** DATA PROVIDED **

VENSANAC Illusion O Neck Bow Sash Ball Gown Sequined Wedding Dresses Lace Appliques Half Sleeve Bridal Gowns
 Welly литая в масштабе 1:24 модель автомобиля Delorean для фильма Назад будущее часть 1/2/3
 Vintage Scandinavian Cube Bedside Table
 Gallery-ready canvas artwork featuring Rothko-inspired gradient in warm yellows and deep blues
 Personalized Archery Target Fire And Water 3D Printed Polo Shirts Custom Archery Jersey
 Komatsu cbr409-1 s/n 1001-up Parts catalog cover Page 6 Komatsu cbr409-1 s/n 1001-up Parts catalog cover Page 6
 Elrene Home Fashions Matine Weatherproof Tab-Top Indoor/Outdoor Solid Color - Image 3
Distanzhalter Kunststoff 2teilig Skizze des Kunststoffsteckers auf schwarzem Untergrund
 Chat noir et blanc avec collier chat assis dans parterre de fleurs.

** GOAL OF THE EXERCISE **
An exact copy of all the records is what is needed here.

** OUTPUT OF THE TASK **
VENSANAC Illusion O Neck Bow Sash Ball Gown Sequined Wedding Dresses Lace Appliques Half Sleeve Bridal Gowns
 Welly литая в масштабе 1:24 модель автомобиля Delorean для фильма Назад будущее часть 1/2/3
 Vintage Scandinavian Cube Bedside Table
 Gallery-ready canvas artwork featuring Rothko-inspired gradient in warm yellows and deep blues
 Personalized Archery Target Fire And Water 3D Printed Polo Shirts Custom Archery Jersey
 Komatsu cbr409-1 s/n 1001-up Parts catalog cover Page 6 Komatsu cbr409-1 s/n 1001-up Parts catalog cover Page 6
 Elrene Home Fashions Matine Weatherproof Tab-Top Indoor/Outdoor Solid Color - Image 3
Distanzhalter Kunststoff 2teilig Skizze des Kunststoffsteckers auf schwarzem Untergrund
 Chat noir et blanc avec collier chat assis dans parterre de fleurs.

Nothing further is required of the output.